CS: When I was at uni I studied fascism – that was my major in history – and slavery. So I’ve always been interested in totalitarian states. Then my husband’s family are German Jews and his grandma left Berlin in 1937, which was quite late. So my whole kind of history makes it a dynamic place to be because I’m always fighting with it and fighting with the culture. I love the way that the German people in Berlin are also doing that, so you feel empowered and you feel curious and you’re allowed to say what you think.

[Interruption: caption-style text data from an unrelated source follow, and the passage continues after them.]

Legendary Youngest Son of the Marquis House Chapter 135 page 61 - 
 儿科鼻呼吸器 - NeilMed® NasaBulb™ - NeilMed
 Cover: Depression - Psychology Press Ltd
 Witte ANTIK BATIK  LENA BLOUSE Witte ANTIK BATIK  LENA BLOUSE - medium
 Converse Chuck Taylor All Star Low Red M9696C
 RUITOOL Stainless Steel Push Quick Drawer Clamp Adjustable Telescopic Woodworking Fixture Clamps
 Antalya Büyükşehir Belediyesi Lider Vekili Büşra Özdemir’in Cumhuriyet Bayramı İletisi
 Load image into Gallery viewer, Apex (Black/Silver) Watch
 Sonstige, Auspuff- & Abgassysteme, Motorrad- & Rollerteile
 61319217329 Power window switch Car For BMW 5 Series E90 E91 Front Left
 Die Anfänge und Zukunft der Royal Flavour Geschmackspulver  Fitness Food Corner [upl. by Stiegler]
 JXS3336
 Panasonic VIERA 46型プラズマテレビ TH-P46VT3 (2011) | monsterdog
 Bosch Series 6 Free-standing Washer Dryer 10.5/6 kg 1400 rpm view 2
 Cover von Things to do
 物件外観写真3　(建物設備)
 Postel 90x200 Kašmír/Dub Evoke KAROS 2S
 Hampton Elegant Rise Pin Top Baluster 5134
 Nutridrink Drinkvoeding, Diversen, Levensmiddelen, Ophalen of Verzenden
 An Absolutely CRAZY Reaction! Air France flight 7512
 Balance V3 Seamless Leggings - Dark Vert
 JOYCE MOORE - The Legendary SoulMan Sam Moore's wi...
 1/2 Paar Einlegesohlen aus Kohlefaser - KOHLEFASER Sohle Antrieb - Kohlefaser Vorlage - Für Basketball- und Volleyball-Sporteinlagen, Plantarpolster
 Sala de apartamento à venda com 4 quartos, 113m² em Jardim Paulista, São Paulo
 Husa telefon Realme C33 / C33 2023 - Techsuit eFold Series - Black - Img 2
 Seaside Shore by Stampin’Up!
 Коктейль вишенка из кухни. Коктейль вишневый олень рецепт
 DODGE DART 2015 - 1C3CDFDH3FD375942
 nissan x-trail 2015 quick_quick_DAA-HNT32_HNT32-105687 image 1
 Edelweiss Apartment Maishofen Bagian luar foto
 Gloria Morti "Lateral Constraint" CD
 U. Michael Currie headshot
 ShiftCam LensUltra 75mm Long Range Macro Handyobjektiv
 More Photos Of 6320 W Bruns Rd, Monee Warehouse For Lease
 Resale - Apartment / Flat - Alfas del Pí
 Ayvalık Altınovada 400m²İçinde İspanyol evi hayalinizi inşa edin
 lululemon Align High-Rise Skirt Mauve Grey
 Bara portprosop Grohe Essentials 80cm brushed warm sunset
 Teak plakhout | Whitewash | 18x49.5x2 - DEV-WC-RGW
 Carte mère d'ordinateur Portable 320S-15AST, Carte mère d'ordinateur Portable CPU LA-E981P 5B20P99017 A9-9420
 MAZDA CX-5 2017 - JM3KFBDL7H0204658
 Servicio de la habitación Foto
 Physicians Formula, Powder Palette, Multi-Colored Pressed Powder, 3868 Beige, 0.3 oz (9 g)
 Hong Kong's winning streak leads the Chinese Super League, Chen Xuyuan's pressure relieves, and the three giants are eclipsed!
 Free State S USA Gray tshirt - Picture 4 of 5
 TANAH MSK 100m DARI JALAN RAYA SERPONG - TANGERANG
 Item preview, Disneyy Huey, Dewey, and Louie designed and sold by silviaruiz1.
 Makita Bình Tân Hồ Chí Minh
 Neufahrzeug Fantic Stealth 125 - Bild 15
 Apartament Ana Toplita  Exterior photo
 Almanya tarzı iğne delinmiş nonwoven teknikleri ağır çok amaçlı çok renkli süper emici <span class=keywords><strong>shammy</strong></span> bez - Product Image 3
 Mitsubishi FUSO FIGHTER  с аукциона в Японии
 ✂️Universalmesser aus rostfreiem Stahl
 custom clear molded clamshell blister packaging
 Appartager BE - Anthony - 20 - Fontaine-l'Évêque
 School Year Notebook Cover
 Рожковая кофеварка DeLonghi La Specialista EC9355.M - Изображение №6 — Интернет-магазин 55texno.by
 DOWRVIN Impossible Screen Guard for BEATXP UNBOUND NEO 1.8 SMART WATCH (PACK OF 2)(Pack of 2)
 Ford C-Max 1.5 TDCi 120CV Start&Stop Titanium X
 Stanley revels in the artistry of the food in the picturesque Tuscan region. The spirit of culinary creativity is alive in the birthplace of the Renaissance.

It’s one of the few places in the world where they deal with the history in a really dynamic way and it’s part of the everyday. It's a living, breathing history and that made it such a dynamic place to make this film, because we were talking to people like Max, whose family are from the GDR. His mother had a Stasi file on her that she was allowed to read after the Wall came down and she discovered that her boyfriend had been spying on her. 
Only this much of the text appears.